Ostatnia kolejka sezonu 09/10. Kibice United mogą się jeszcze łudzić, ich pupile tracą tylko punkt do Chelsea, więc jest nadzieja, że ta wypadnie z drogi na ostatniej prostej i Czerwone Diabły będą świętować czwarty tytuł z rzędu. Wyzwanie londyńczykom rzucało Wigan, czyli żaden wielki przeciwnik, drużyna, która ledwie utrzymała się w lidze. Więc jeśli fani Manchesteru szukali gdzieś nadziei, to raczej w osobie trenera Chelsea – w Carlo Ancelottim.
Ma facet pecha, a jedni powiedzą nawet, że to już jest brak umiejętności doprowadzania spraw do końca, bo lubi się Włoch wyłożyć na finiszu w prostych sprawach…
– finał Ligi Mistrzów w Stambule, Milan prowadzi z Liverpoolem 3:0 i nikt nie wierzy w cud – no, poza Gerrardem i spółką, którzy ten cud załatwili,
– Milan wygrywa pierwszy mecz z Deportivo 4:1, więc rewanż to formalność, ciężko zaprzepaścić taką zaliczkę – Hiszpanie odprawiają Włochów 4:0,
– Juventus na trzy kolejki przed końcem ma pięć punktów przewagi nad Lazio. W składzie gwiazdy: Van der Sar, Davids, Del Piero, Zidane, Inzaghi. Udaje im się dystans roztrwonić i przegrywają Scudetto.

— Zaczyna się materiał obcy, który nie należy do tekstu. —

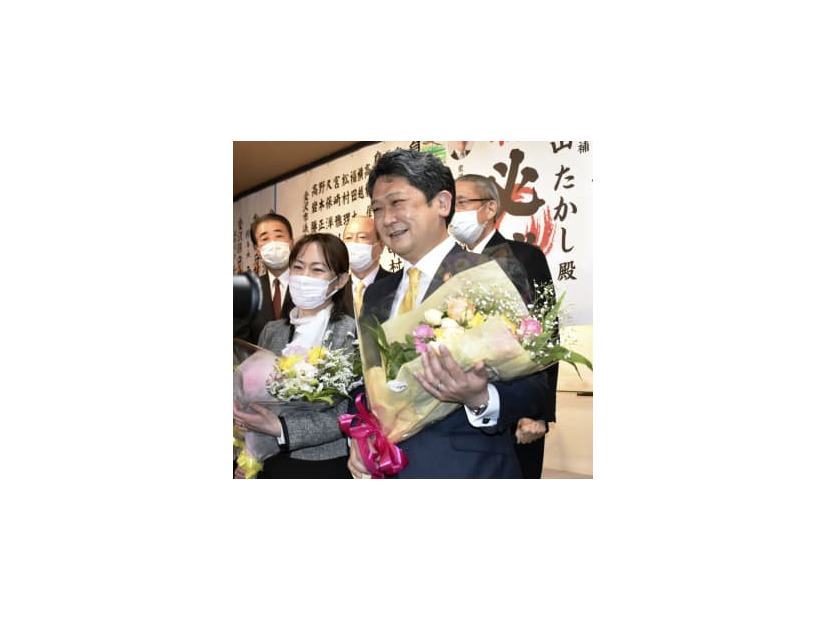 金沢市長選で初当選し、花束を手に笑顔を見せる村山卓氏（手前右）＝13日夜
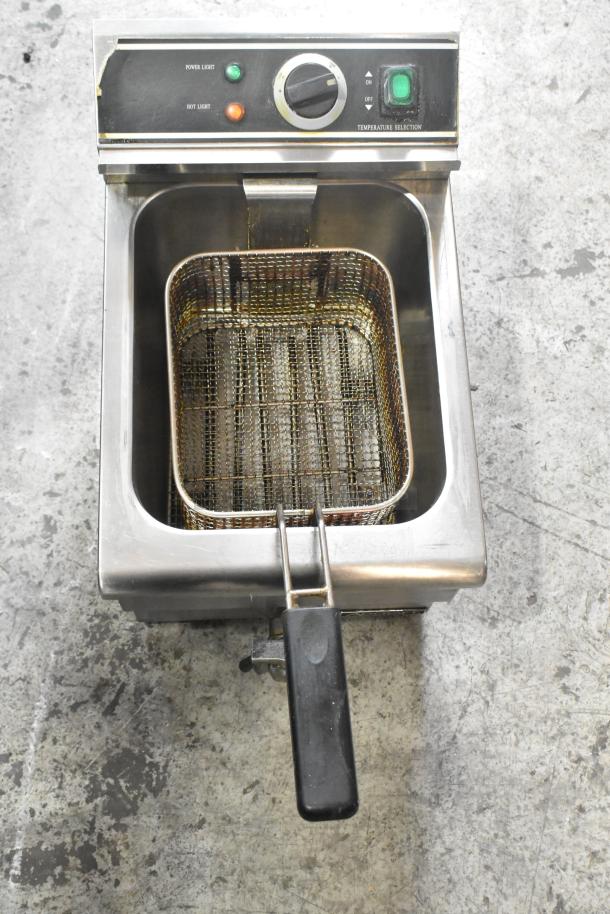 Adcraft DF-12L stainless steel electric countertop fryer with metal fry basket and lid. Shows temperature controls and lights.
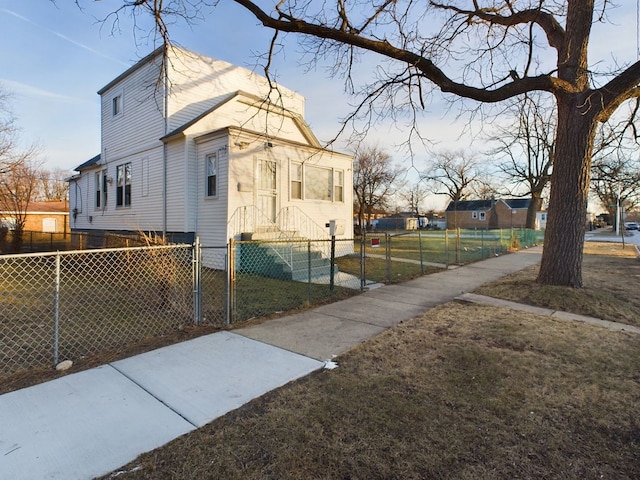 view of side of property with a lawn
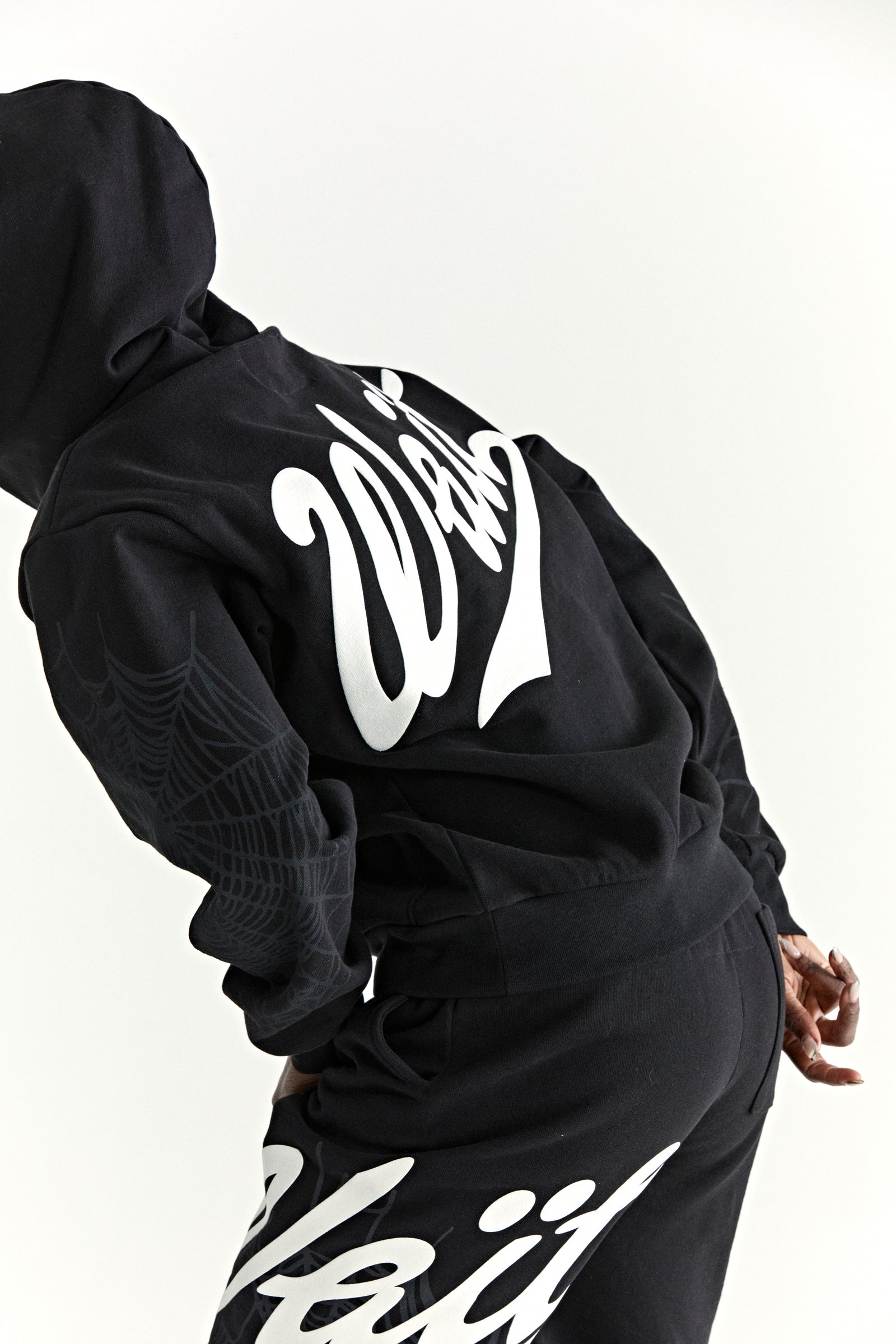 Black 13oz cotton fleece hoodie with "Wait" script on back, spiderweb detail on sleeves.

Mogli więc wierzyć fani United, że Carlo znów to zrobi, wpadnie jak głupek z kreskówki, który ślizga się na skórce od banana. Nie ma szans, Włoch pokazał rywalom środkowy palec z pompą – opędzlował Wigan 8:0, nadzieje rywali zgasły już w szóstej minucie, kiedy rozpoczął biesiadę Nicolas Anelka. Hat-tricka strzelił Didier Drogba, swoją bramkę dołożył między innymi Salomon Kalou, a Chelsea wyśrubowała nowy rekord Premier League – zdobyli 103 gole w jednym sezonie ligowym. Poprzedni należał do… Manchesteru United, podopieczni Fergusona mieli w rozgrywkach 99/00 ich o sześć mniej.